I'm always pleased to see people using smart home technology for something other than making a really killer, expensive simulation of the local $9 movie theater. The Gator Tech Smart House for seniors is a new construction house that's
designed to assist older persons in maximizing independence and maintaining a high quality of life. To this end we are innovating Pervasive Computing technology to create a supportive and assistive environment for the elderly and the disabled.
The house has a number of typical "smart home" home automation things in it--flat panel displays, remote controls, kitchen computers that pop out recipes--but there are also some nice innovations, since they're forcing themselves to think about the whole house, not just the living room and kitchen. There's a bed that monitors sleep patterns, there are floors that detect if someone has fallen, there's a pantry to warns you if some of the food in it is rotten (something that I could have certainly used in the past), there's a tub that prevents accidental scalding and adjusts settings based on whose in it (if they do it by weight--what seems the easiest way, to me--that would be way cool...or lukewarm, if that's your preference ;-). By creating a specific target market--the elderly--they've created an interesting set of constraints that's let them tune the capabilities of the technology to specific uses, which I think is great.

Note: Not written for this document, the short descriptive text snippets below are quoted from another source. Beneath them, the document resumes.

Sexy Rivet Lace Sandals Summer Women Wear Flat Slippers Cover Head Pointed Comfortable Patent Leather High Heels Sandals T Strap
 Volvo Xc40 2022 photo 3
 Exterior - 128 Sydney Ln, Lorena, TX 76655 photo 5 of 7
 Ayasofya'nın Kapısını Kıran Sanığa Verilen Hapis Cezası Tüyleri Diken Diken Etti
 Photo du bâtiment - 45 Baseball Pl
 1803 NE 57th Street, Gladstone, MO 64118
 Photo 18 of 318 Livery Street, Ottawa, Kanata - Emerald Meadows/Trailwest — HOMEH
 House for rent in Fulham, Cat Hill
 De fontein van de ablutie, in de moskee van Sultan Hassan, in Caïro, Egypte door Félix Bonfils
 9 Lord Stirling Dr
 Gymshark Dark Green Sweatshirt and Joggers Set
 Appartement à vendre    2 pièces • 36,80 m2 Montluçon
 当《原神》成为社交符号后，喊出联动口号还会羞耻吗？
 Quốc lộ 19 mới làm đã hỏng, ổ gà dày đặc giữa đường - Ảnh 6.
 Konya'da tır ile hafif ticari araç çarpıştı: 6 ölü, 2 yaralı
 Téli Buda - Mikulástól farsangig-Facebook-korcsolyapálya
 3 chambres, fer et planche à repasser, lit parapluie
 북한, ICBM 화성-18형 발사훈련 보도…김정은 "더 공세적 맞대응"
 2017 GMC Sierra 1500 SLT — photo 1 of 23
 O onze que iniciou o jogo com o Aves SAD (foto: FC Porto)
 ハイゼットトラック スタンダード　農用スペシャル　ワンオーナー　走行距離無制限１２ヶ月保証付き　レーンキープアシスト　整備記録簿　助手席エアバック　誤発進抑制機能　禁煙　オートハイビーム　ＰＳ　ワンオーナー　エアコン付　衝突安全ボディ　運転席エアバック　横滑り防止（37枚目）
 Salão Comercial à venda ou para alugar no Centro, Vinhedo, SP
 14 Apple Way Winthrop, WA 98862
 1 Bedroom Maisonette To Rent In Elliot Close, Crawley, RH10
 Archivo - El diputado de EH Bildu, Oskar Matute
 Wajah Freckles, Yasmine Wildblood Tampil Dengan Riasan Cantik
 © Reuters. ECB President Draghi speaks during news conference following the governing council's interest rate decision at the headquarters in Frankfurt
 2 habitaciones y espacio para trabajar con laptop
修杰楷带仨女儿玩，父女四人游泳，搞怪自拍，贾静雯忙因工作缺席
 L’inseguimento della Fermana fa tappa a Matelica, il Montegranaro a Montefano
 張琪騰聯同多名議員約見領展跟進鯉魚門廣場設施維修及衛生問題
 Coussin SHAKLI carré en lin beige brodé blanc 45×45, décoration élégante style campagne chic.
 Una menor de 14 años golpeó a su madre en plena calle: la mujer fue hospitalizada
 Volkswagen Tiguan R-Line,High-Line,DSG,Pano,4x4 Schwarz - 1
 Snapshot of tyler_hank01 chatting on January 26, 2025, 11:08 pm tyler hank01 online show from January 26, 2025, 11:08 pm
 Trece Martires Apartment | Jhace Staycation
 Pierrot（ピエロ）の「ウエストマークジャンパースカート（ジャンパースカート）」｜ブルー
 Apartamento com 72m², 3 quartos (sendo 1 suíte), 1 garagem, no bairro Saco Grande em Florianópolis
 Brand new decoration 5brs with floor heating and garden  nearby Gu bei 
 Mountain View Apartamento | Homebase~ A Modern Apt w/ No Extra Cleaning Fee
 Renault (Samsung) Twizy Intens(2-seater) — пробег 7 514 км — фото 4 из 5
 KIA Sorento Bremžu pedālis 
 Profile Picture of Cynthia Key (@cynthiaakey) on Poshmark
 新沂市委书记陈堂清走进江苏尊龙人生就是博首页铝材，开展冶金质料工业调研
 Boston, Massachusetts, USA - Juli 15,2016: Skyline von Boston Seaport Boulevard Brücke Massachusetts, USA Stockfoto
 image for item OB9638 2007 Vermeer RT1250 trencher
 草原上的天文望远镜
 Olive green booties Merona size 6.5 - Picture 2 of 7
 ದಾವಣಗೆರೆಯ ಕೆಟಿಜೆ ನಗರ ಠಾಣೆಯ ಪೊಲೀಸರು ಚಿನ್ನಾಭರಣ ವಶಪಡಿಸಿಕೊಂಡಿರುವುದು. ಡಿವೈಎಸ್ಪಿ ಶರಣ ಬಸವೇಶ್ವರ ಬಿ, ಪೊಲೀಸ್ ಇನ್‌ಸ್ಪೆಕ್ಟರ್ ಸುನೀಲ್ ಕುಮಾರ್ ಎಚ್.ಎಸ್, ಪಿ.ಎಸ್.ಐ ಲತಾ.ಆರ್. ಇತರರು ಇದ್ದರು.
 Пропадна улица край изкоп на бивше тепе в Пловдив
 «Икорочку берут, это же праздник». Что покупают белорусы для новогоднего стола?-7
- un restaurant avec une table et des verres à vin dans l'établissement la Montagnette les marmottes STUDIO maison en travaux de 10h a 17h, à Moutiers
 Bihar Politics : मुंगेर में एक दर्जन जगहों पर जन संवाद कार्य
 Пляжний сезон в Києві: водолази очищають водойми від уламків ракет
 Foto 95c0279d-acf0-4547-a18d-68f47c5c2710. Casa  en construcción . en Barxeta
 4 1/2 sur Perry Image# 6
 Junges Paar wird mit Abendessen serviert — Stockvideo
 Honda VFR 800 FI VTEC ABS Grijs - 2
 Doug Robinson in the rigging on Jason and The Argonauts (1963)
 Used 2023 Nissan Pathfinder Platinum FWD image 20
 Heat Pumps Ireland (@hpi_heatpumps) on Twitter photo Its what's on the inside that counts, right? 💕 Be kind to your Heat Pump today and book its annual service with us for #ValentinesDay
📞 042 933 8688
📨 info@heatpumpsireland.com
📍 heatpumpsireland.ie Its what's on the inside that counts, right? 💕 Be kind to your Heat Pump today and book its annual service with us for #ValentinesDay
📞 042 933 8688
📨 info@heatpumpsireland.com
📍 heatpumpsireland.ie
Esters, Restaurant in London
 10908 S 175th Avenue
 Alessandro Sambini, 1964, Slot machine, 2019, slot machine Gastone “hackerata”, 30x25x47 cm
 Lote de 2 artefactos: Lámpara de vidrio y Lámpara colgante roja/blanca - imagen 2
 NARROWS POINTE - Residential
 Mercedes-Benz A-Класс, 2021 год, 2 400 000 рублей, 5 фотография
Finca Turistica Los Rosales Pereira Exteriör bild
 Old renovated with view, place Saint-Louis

An interesting quote comes from a transcript of a TV show about the house. 78 year-old Minette Hendler says "It's the house taking care of me. I'm not really alone." Once again, this shows how people project human qualities onto technology. Minette really IS going to be alone, in the literal sense, but her hope is that some of the anxieties normally associated with being alone--being out of contact, no one being able to call for help on your behalf, no one watching your food and water intake, etc.--are going to be taken care of by the technology. That's almost certainly a good thing, but what still fascinates me is how 'smart' technology changes people's relationships with the inanimate objects in their lives. I was just thinking of the From Animals to Animats intelligent agent conference series, and how animat is an interesting term for something that's between the two worlds: animated, but not an animal. A smart house, in this definition (though not in the definition that the conference people would use) is a kind of animat.